いつまでも輝く女性のために…今月の特集!

更年期、その先にある「ロコモ」対策を

とても怖い「ロコモ」は今から予防に心がけましょう

 最近、「ロコモティブ・シンドローム(運動器症候群)」、略して「ロコモ」という言葉を耳にする機会が増えています。
「ロコモ」とは、運動するときに使う「骨」「関節と椎間板」「筋肉と神経活動」のそれぞれの働きが衰えることで、介護が必要になったり、寝たきりになったりする危険性が高いことをいいます。
 加齢によって骨や関節、筋肉などが衰えると、痛みや変形、可動域の制限などが現れやすくなり、筋力やバランス能力が低下します。そうすると、骨折や転倒のリスクが高まり、やがては立ち上がれない、歩けないといった寝たきりの状態になってしまうのです。

 今や、「ロコモ」に該当する人は、その予備軍も合わせると4700万人にものぼると推定されています。厚生労働省が行った調査によると、高齢者が要介護になる原因の1位は「脳卒中」、2位は「認知症」、3位は「老衰(高齢による衰弱)」ですが、4位の「関節疾患」と5位の「骨折や転倒」を合わせると1位の「脳卒中」に迫るほどなのです。このままでは、高齢化社会が加速する日本では、今後もますます、「ロコモ」に悩まされる人が増えていくことでしょう。

「メタボ」に続く新しい国民病として、注目を集めている「ロコモ」ですが、日本整形外科学会によれば、次に挙げる「7つのロコモチェック」に該当する項目が一つでもあれば、何らかの対策が必要とされています。

□片足立ちで靴下が履けない
□家の中でつまずいたり、転んだりする
□階段を上るのに手すりが必要
□15分くらい続けて歩けない
□横断歩道を青信号で渡りきれない
□2kg程度の荷物(1ℓの牛乳パック2個程度)を持ち帰るのが困難
□家の中でのやや重い家事(掃除機の使用や布団の上げ下ろしなど)が困難

 40代や50代ではまだ、ロコモチェックの項目が当てはまらないという人も多いでしょう。「ロコモなんて、まだまだ先の話」と思うかもしれませんが、実は、油断は禁物なのです。なぜなら、更年期と「ロコモ」には、深い関係があるからです。
 更年期には、女性ホルモンのエストロゲンが急激に減少してしまいます。エストロゲンには骨密度を保つ働きがあるため、エストロゲンの分泌量が減少すると、骨密度が減ってしまうのです。そのため、高齢になると女性は男性よりも骨がスカスカになりやすく、骨粗しょう症にもかかりやすくなります。骨がもろくなると当然、転倒や骨折もしやすいので、「ロコモ」も要注意なのです。更年期の女性は、「転ばぬ先の杖」ならぬ「転ばぬ先のロコモ予防」を今からしっかりと心がけましょう。
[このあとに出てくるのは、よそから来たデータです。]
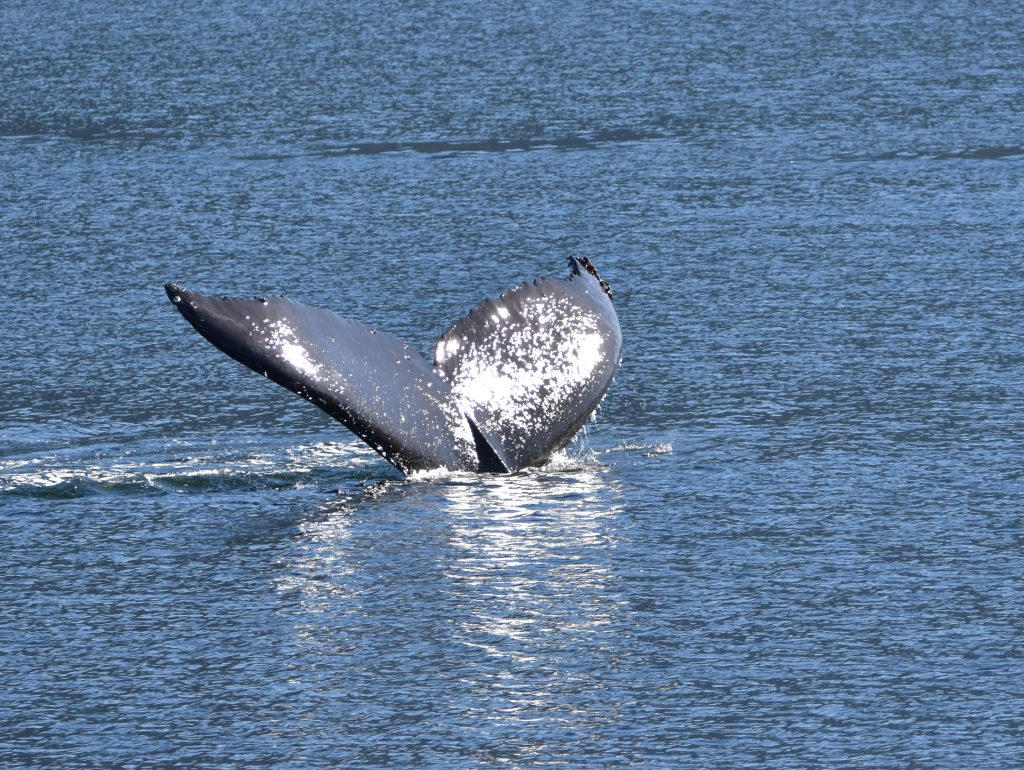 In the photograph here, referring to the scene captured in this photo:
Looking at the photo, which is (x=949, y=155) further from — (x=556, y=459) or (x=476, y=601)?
(x=476, y=601)

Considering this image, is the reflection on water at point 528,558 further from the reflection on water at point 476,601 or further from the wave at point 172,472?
the wave at point 172,472

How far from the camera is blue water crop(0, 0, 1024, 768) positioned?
4.84 m

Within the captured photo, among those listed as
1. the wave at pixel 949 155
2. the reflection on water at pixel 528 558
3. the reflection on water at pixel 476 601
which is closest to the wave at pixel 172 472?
the reflection on water at pixel 476 601

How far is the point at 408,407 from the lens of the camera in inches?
248

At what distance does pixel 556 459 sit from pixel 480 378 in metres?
0.49

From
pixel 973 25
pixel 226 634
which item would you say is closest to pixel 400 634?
pixel 226 634

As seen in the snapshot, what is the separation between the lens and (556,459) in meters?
6.79

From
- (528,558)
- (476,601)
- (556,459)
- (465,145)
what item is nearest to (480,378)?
(556,459)

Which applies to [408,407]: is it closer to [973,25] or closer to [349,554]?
[349,554]

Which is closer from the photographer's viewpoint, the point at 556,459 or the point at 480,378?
the point at 480,378

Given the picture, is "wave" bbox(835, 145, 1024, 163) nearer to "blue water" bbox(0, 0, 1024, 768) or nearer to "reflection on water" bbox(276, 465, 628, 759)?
"blue water" bbox(0, 0, 1024, 768)

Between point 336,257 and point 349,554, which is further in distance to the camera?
point 336,257

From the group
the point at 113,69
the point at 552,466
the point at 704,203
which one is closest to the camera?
the point at 552,466

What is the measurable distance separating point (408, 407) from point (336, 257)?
3985 mm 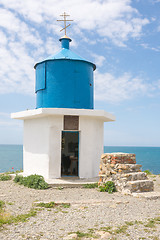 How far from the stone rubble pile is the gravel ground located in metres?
0.53

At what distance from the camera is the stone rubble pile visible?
930 centimetres

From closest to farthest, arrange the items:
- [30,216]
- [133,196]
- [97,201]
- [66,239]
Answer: [66,239], [30,216], [97,201], [133,196]

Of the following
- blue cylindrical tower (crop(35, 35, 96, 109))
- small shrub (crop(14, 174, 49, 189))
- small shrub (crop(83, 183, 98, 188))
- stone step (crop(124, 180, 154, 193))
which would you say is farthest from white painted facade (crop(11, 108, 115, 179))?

 加齢とともに衰えやすいのは、下半身や体幹の筋肉です。身体をしっかり支え、多少の段差をものともせずに歩くには、とくに太ももの筋肉や腹筋、背筋などを鍛えましょう。筋肉を鍛えることは同時に、骨を丈夫にすることにもつながります。
 ロコモ予防のためには、毎日適度な運動をすることが必要です。ウォーキングや体幹ストレッチ、筋トレなどを、自分のできる範囲で無理なく行いましょう。やり過ぎはひざや腰を痛めるなどして逆効果になることも。きついと感じる運動は週に一回程度で十分です。
 
 筋肉や骨の衰えを防ぐためには、もちろん食事も大切です。筋肉の維持や増加に欠かせない良質のタンパク質はしっかり摂りましょう。しかし、タンパク質と一緒に脂肪を多く摂ると、肥満などの問題があります。鶏ささみや牛もも肉、魚介類、大豆や大豆製品、牛乳や乳製品など、できるだけ高タンパク低脂肪の食材を選びましょう。
 また、骨を丈夫にするカルシウムやカルシウムの吸収を高めるビタミンDも大切です。カルシウムは牛乳や乳製品、小魚、小松菜、パセリなどに、ビタミンDは青魚やきのこなどに含まれています。

 こうした栄養素は食事で摂るのがいちばんですが、忙しい人や外食が多い人などは補助的にサプリメントを利用してもいいでしょう。
 ほかに、サプリメントでの摂取がおすすめなのが、同時に撮ることで関節痛改善に効果があるとされるグルコサミンとコンドロイチンです。グルコサミンは、年齢と共にすり減る軟骨を再生し膝の違和感や痛みの予防し、コンドロイチンは、カルシウムの代謝に作用して骨粗しょう症を予防します。